# [DATA FOR PROCESSING]

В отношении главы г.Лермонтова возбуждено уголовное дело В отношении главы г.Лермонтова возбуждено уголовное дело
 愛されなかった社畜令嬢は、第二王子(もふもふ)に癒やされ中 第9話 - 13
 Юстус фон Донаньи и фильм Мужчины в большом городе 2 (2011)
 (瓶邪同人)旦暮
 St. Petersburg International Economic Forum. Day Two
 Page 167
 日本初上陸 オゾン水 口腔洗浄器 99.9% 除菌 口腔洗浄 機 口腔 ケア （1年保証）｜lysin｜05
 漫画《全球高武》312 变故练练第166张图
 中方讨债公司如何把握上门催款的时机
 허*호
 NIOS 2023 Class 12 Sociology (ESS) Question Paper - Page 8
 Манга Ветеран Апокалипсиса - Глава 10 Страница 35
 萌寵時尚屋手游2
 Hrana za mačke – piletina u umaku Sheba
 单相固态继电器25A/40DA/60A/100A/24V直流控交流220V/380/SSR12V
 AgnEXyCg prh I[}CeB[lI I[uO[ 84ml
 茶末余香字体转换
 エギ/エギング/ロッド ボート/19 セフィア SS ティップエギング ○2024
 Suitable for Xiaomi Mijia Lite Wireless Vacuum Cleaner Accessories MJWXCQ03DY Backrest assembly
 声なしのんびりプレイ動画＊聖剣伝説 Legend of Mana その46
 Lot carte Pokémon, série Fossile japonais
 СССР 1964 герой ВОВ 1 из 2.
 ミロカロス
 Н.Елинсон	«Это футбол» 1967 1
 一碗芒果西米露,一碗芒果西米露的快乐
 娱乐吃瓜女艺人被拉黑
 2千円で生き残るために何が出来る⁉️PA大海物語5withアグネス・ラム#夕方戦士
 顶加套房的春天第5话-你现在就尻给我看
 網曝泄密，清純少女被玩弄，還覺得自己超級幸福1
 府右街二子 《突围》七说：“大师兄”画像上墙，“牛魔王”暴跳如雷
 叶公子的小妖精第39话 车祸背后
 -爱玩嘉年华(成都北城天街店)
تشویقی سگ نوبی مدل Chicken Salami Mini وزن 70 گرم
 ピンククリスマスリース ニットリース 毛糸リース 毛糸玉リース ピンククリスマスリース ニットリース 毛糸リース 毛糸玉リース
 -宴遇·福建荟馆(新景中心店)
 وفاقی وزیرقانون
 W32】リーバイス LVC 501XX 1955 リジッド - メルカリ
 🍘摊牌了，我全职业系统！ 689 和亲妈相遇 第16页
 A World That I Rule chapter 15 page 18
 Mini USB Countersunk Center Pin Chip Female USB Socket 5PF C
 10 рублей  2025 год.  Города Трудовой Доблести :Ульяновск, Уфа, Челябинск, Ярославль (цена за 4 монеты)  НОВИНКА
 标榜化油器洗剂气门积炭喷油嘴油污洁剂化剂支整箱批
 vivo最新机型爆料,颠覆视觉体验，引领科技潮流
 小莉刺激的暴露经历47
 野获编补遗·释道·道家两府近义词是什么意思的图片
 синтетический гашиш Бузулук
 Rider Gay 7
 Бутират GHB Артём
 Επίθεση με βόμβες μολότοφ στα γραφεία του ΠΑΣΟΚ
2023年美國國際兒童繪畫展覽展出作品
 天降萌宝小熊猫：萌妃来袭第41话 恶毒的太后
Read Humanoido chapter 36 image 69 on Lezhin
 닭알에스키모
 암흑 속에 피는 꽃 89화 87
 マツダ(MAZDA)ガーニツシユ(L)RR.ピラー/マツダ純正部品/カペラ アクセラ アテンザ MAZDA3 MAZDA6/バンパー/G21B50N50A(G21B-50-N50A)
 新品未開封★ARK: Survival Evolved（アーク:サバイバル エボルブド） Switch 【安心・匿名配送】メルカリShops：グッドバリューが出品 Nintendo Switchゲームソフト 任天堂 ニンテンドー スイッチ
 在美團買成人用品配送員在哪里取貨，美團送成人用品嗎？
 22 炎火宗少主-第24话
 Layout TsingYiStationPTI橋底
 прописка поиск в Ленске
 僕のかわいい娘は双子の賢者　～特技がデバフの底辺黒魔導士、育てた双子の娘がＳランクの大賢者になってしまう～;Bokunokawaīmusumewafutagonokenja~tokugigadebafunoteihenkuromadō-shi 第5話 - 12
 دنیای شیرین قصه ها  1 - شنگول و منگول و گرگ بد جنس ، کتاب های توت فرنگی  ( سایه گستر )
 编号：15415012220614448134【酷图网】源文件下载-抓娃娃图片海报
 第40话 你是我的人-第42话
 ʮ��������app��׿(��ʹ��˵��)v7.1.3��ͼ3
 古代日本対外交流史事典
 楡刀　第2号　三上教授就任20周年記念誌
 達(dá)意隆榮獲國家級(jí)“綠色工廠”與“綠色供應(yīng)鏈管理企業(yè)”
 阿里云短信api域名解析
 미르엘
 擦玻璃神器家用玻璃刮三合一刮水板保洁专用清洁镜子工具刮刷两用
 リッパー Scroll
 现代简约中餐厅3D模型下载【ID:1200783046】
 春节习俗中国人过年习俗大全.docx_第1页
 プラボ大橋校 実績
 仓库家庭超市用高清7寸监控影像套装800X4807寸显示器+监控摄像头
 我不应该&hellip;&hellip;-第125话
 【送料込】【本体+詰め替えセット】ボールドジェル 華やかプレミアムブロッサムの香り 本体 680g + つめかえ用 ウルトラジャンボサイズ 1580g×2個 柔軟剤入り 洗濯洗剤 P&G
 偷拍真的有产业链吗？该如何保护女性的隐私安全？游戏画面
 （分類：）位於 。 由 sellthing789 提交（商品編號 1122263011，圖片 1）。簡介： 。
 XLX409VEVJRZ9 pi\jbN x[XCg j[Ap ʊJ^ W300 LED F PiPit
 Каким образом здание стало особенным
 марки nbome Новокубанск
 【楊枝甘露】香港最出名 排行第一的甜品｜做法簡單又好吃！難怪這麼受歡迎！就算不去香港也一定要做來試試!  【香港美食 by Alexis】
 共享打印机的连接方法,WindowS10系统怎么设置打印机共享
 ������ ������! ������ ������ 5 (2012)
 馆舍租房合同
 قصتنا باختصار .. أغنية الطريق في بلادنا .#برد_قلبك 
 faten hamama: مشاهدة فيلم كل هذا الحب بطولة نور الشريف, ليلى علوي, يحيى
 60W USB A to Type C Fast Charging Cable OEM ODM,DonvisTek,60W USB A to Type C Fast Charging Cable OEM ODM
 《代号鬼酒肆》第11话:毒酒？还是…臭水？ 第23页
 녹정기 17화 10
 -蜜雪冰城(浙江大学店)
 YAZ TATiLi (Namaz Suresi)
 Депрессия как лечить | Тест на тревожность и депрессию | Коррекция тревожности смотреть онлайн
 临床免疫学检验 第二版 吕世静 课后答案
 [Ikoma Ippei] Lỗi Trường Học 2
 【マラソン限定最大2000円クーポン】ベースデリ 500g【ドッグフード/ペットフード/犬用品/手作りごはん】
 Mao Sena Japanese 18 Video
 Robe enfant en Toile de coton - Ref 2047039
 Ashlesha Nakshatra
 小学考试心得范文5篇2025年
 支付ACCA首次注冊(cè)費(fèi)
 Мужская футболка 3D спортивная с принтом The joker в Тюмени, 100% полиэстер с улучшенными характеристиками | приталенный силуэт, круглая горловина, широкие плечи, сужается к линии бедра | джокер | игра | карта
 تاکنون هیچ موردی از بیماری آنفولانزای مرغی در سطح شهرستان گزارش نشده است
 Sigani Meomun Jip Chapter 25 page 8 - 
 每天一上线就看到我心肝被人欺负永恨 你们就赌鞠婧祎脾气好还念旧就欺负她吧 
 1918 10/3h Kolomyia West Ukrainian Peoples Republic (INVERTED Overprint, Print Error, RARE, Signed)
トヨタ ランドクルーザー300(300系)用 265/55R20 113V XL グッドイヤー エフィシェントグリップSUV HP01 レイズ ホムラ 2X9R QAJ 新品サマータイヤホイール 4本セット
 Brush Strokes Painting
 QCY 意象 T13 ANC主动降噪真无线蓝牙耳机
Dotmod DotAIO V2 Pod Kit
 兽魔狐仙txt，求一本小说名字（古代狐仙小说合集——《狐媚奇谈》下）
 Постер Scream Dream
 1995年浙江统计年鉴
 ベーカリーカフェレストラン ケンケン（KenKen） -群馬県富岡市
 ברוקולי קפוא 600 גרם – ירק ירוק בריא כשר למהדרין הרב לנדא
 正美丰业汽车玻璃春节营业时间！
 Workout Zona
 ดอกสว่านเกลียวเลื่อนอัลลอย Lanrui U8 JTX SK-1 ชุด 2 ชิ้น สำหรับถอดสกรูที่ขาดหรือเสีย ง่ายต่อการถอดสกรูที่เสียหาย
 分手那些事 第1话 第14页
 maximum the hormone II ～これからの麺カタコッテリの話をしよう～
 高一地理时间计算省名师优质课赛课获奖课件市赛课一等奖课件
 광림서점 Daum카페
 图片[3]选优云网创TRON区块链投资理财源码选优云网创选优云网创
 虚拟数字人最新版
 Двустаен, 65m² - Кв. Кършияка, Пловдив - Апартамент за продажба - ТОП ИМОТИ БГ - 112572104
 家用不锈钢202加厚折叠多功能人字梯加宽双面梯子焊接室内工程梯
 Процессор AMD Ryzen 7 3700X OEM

# [DIRECTIONS FOR THIS TASK]
Determine the number of lines in the listing that hold the word "Mini". Nothing but that number is wanted.

# [EXPECTED OUTPUT]
2